What's exciting about a PAR meter, is that it can help determine if a particular light source or setup is sufficient for growing plants – both aquatic and terrestrial. Although PAR meters have been around for a while, their cost has made them somewhat prohibitive for a majority of hobbyists. Recently, however, manufactures have been working to produce relatively low cost PAR meters to make them more available to those who need to accurately measure light for plants.


Hobbyists have typically used a variety of methods to determine if their aquarium lighting is sufficient. However, the lack of a means to precisely quantify light has led us to rely on rules-of-thumb and guidelines which make it difficult to truly evaluate aquarium lighting. As lighting types and technologies evolve, it is beneficial to have a more accurate way of determining the light intensities in our planted aquariums. PAR measurements help us do this by eliminating the guesswork when evaluating a particular light source.









_A meter offered by Apogee Instruments_
_with a water proof sensor._​ 

*How much light do I need?*


One of the most common questions people have when setting up a planted tank is, “How much light do I need?” On the surface, this might seem like a simple question but getting a straight forward answer is not that easy.


The most common reply you get is probably the _watts per gallon_ rule-of-thumb (for example, 2-5 watts/gallon). If we all used exactly the same kind of light source having the same efficiency and the same spectral output and the same mounting specifications, I imagine the watts per gallon guideline would work pretty well. I believe the watts per gallon guideline was probably established at a time when hobbyists were mostly using standard fluorescent tubes. They were the cheapest and most available lighting method for hobbyists. Over time, however, manufactures responded to the needs of aquatic gardeners by producing different bulbs and lighting technologies specifically for plants. 


Today, the lighting technologies available to hobbyists have dramatically increased to include compact fluorescent, VHO, metal halide, mercury vapor, and sodium vapor. As such, the watts per gallon guideline is tricky to use because each lighting technology produces light in a markedly different way – each having different efficiencies and distinct spectral output. One hundred watts of standard fluorescent light will not produce the same kind - or amount - of light as 100 watts of metal halide.
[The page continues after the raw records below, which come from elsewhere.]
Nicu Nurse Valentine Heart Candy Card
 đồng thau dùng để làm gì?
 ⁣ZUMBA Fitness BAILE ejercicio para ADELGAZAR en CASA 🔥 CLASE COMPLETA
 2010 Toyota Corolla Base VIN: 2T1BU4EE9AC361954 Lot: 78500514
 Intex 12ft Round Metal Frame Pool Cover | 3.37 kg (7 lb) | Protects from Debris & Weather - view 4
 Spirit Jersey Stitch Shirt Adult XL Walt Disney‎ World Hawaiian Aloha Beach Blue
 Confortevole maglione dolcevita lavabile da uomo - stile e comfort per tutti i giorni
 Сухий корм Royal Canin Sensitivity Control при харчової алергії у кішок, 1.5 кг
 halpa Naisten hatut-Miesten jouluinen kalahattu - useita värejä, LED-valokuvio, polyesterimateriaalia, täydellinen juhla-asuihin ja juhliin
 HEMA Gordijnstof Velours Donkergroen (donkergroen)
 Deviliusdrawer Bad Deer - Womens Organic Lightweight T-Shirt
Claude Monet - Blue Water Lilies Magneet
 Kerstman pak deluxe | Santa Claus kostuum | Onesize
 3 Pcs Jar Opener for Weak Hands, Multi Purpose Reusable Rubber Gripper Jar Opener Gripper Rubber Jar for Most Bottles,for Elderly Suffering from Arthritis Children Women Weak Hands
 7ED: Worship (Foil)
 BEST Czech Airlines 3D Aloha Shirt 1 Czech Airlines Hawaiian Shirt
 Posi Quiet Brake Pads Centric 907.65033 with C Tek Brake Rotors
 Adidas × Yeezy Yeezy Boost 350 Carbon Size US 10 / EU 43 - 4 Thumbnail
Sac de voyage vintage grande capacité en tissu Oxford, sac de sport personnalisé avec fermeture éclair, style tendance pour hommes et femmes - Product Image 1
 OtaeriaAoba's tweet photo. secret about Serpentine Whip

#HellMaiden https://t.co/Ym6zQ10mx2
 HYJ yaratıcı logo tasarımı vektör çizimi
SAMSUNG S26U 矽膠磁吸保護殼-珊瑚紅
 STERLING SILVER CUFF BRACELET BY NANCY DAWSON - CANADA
Thus, wattage alone is not a good choice for specifying light intensity for a planted aquarium.




*What about LUX/Lumens?*


In my quest to understand lighting, the next logical progression led me to wonder why aquatic gardeners don't use lux or lumens as a means for specifying the amount of light needed in a planted aquarium. Lux is a measurement of the number of lumens that fall on a one square meter area (lumens/m2). Thus, lux is a light intensity measurement that is independent of the wattage used to produce the light. 


You will find some books that list approximate lux values for aquatic plants. However, these lux values are very dependent on the light source used when taking the measurements. If one book lists lux values that are based on sunlight, how can I extrapolate these values to metal halide or VHO lighting?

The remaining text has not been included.